The Eastern Coachella Valley's farmworkers play an important role in sustaining the US workforce and economy. Companies such as the Prime Time Produce company describe the Eastern Coachella Valley as "[o]ne of the richest growing regions in the world. " [10] The Eastern Coachella Valley has become the base of Prime Time's operations and many other companies to this day due to its mass production of diverse fruits and vegetables. Farmworkers in the Eastern Coachella Valley face many challenges. Agriculture in the US is a dangerous job, since farm workers have to do repetitive movements like heavy lifting, and lengthy periods of standing and/or kneeling that are associated with injuries, fractures, chronic pain, and more. The extreme heat in the Eastern Coachella Valley has become one of the major challenges workers face. Heat has become the biggest climate hazard that farm workers have experienced, as they are exposed to conditions that are expected to be long and with high intensity while they are working outside in the fields. Despite this, workers in the Valley often lack access to health care because of linguistic or socioeconomic challenges.

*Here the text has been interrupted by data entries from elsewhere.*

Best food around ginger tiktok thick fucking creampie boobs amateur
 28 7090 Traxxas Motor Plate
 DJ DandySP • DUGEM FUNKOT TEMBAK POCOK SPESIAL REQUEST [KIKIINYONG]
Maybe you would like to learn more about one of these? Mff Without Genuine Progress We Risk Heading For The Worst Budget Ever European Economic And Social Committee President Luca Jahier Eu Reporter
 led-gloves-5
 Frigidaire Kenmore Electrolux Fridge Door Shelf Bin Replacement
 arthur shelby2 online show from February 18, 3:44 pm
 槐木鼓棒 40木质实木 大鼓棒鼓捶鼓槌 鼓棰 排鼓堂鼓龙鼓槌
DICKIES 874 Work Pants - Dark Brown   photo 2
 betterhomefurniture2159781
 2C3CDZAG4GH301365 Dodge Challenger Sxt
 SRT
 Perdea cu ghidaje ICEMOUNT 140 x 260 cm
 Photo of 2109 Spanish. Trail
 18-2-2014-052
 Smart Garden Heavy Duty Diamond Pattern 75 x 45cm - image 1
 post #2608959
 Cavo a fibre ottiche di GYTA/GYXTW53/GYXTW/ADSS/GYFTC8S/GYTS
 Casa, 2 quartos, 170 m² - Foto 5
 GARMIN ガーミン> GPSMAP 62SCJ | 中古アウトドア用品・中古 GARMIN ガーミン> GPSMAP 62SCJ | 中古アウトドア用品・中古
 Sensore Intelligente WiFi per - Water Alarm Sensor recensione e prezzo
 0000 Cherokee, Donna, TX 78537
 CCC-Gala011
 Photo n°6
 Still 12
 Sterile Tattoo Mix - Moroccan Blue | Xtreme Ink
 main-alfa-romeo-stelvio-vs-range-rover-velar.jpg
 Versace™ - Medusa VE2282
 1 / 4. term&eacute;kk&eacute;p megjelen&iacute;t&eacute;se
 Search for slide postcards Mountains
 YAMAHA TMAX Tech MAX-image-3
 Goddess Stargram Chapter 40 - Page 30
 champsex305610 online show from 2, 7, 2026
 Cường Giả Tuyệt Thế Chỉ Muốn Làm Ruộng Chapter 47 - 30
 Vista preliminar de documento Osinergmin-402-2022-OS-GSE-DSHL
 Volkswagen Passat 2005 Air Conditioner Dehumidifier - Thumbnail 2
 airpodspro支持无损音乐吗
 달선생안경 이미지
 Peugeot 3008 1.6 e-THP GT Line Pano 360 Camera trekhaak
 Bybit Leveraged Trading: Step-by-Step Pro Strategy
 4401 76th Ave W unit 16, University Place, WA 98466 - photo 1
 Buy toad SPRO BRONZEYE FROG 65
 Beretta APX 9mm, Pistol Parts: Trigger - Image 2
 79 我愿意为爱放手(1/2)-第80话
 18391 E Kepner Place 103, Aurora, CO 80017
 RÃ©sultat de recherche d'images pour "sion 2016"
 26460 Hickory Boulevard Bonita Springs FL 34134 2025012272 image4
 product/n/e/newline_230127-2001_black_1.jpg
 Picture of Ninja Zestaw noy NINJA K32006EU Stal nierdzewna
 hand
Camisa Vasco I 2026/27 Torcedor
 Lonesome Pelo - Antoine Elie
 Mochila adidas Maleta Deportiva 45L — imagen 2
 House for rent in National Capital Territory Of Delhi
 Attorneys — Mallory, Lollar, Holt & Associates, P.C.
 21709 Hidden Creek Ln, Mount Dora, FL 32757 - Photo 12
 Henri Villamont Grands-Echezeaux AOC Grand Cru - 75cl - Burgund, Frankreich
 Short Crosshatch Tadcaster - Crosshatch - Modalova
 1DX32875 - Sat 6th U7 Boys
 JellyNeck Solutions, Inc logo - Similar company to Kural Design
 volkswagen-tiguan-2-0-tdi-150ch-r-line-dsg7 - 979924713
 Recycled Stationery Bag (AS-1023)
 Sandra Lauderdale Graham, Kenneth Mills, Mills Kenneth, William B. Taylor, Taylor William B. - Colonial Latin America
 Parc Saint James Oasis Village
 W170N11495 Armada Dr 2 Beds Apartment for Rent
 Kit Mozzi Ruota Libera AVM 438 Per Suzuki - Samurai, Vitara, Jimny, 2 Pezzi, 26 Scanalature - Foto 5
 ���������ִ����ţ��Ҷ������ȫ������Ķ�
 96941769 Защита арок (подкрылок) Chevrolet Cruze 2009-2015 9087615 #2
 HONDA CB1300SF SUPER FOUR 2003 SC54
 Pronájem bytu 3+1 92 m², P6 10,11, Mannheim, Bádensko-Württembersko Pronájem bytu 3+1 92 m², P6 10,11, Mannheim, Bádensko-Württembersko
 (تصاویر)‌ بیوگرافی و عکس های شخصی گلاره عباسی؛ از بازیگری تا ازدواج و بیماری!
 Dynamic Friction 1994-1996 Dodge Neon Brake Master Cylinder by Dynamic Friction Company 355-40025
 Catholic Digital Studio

== Organizations and activities ==

===Building Healthy Communities===

The Eastern Coachella Valley Building Healthy Communities (BHC) organization is a "10-year program funded by The California Endowment. This organization aims to build healthy communities throughout the Eastern Coachella Valley. Their events and activities tend to focus mostly on youth members of the rural communities that make up the valley. Activities and events imposed by (BHC) bring the rural community residents together and their families while simultaneously incorporating information and knowledge concerning healthy alternatives for a better lifestyle.

===Raices Cultura===

The mission of Raices Cultura is to create a safe space for the Eastern Coachella Valley community to expose and express their art and culture. They aim to create a healthier community and have the voices of the Eastern Coachella Valley be heard. The youth plays a very important role in this organization because most of the events are organized by young members/ participants of this group. The youth also help spread the word about this organizations and get other youngsters to join the organization or to attend and enjoy the variety of events they impose/create. Raices Cultura screens films every month and have an art studio which is open almost every Saturday for the public and especially the youth to take advantage of.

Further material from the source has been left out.